The Bombay High Court rejected the plea made by defence lawyers Amin Solkar and Farhana Shah to allow them to interview Kasab, keeping jail officers beyond an audible distance.
The bench observed that security and national interest couldn’t be compromised. The bench also refused to enter into the issue of the threat perception — to both, Kasab himself and others around him — expressed by the police, saying the high court cannot question their perception.
The lawyers alleged that Kasab refused to answer any of their queries in their presence. They had also alleged that an Intelligence Bureau officer was present during one of their meetings held earlier.
Later in the day, a division bench of Justice Ranjana Desai and Justice RV More admitted Kasab's plea challenging his conviction for his involvement in November 26, 2008 strike.
The strike, which went on for three days, claimed 166 lives. The appeal challenging the conviction will be heard along with the confirmation of death sentence awarded by a special court on May 6. The court will decide on whether the prosecution or defence will open the arguments on October 6.
Special public prosecutor, Ujjwal Nikam, citing provisions of the Criminal Procedure Code, said the defence should open arguments in support of the appeal.
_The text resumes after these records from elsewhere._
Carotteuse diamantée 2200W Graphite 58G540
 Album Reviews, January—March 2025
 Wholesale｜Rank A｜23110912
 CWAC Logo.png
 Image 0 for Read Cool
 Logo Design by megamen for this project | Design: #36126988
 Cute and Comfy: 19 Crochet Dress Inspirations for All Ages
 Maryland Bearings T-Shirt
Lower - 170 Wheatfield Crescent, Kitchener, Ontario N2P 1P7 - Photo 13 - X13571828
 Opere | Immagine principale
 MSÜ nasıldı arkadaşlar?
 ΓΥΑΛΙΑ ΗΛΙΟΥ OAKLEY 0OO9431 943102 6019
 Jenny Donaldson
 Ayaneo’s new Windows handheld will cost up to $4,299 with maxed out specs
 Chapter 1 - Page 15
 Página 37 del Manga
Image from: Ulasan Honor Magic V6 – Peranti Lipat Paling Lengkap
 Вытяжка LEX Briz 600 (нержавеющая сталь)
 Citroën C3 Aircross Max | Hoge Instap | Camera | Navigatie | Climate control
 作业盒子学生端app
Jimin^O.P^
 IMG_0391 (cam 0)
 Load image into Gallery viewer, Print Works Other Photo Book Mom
Solkar said the state should argue first on the confirmation of the death sentence and he will follow.
The bench also felt the prosecution should open the arguments pointing to certain judgements of the apex court.
Nikam said the appeal challenging the death sentence should be decided first because the question of hearing and deciding the confirmation of the death sentence would come up only if the appeal fails.
The court may not require hearing the confirmation case, in case it allows the appeal, and acquits the accused or imposes lesser punishment, Nikam said.